Records to process:
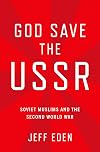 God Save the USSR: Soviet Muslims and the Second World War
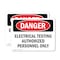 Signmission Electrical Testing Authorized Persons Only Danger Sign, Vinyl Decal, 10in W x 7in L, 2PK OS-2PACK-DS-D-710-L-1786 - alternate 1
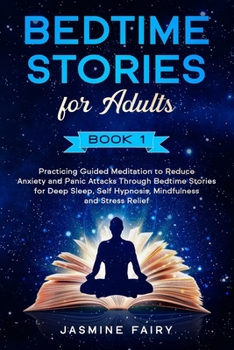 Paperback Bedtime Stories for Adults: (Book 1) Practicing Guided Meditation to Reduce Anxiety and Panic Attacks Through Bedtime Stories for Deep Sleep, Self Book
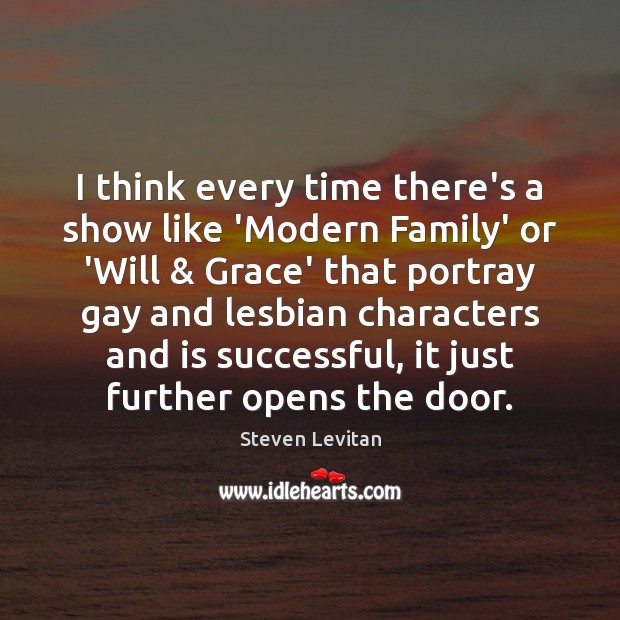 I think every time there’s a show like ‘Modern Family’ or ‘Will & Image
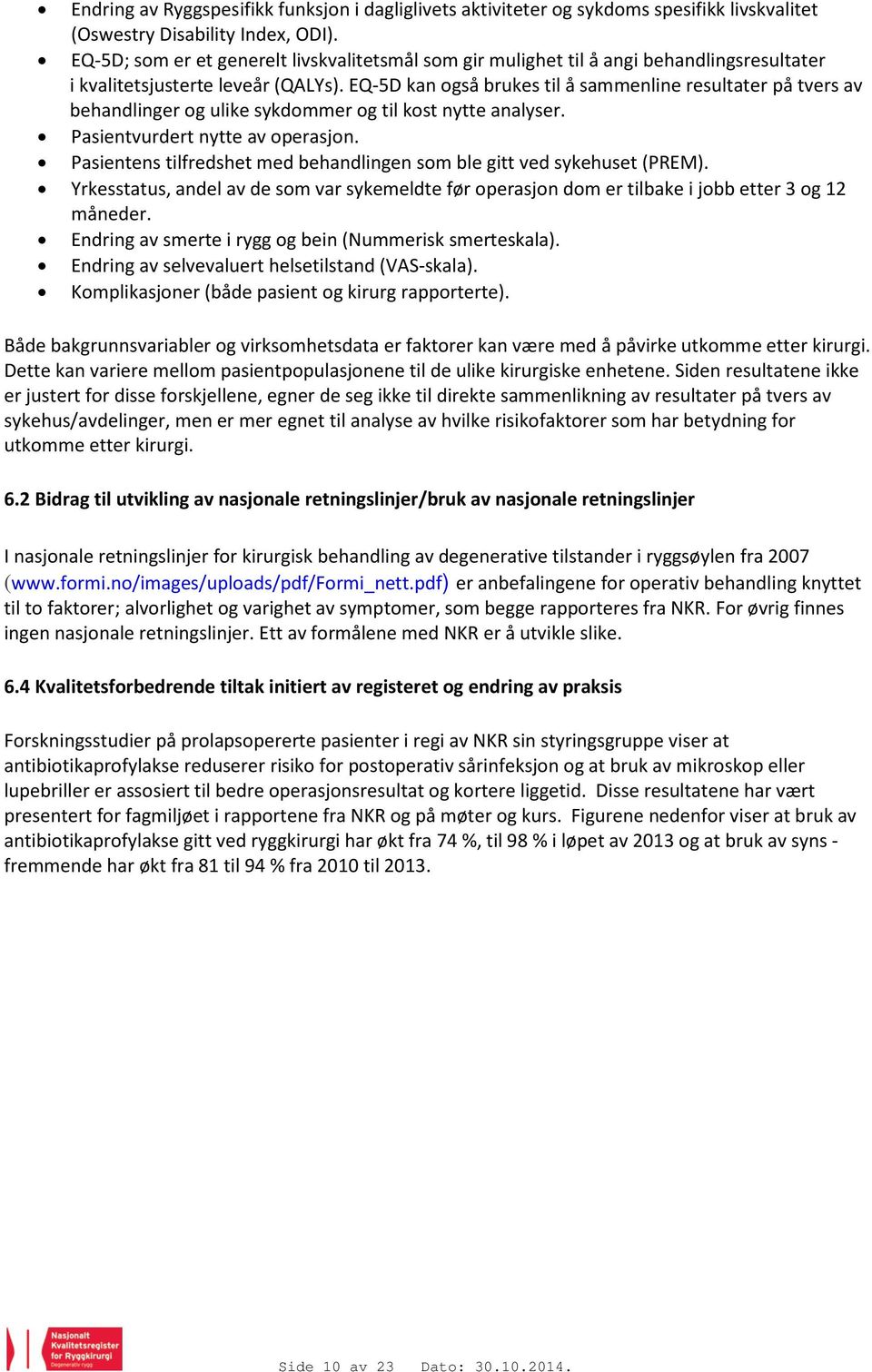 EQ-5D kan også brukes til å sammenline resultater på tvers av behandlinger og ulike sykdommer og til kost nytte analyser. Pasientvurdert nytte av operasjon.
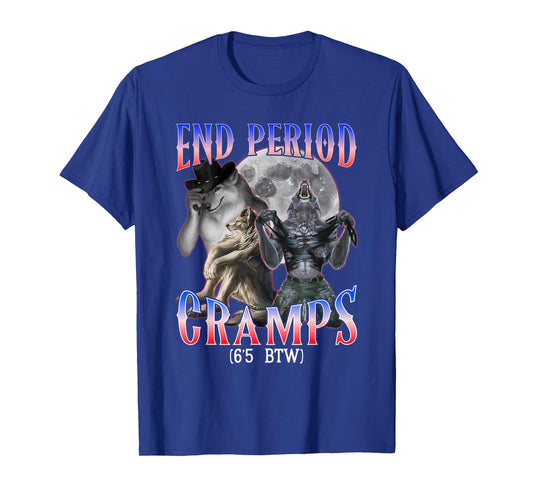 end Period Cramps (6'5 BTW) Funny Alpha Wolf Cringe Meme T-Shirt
---
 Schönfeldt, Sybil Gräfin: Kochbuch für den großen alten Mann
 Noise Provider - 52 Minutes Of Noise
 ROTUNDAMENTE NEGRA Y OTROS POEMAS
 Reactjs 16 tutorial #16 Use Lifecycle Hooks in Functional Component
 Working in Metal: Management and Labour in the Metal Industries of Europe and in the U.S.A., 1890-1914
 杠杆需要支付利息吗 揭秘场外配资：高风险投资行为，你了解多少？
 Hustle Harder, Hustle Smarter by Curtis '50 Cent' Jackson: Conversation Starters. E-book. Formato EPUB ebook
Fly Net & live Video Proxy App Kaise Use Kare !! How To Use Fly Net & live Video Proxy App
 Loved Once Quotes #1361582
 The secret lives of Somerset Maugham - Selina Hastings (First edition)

Task to carry out: In the listing above, find the line containing "God Save the". Output it and every line after it up to and including the line containing "end Period Cramps", exactly, but skip the pictures.

Output for this exercise:
 God Save the USSR: Soviet Muslims and the Second World War
 Signmission Electrical Testing Authorized Persons Only Danger Sign, Vinyl Decal, 10in W x 7in L, 2PK OS-2PACK-DS-D-710-L-1786 - alternate 1
 Paperback Bedtime Stories for Adults: (Book 1) Practicing Guided Meditation to Reduce Anxiety and Panic Attacks Through Bedtime Stories for Deep Sleep, Self Book
 I think every time there’s a show like ‘Modern Family’ or ‘Will & Image
 EQ-5D kan også brukes til å sammenline resultater på tvers av behandlinger og ulike sykdommer og til kost nytte analyser. Pasientvurdert nytte av operasjon.
 end Period Cramps (6'5 BTW) Funny Alpha Wolf Cringe Meme T-Shirt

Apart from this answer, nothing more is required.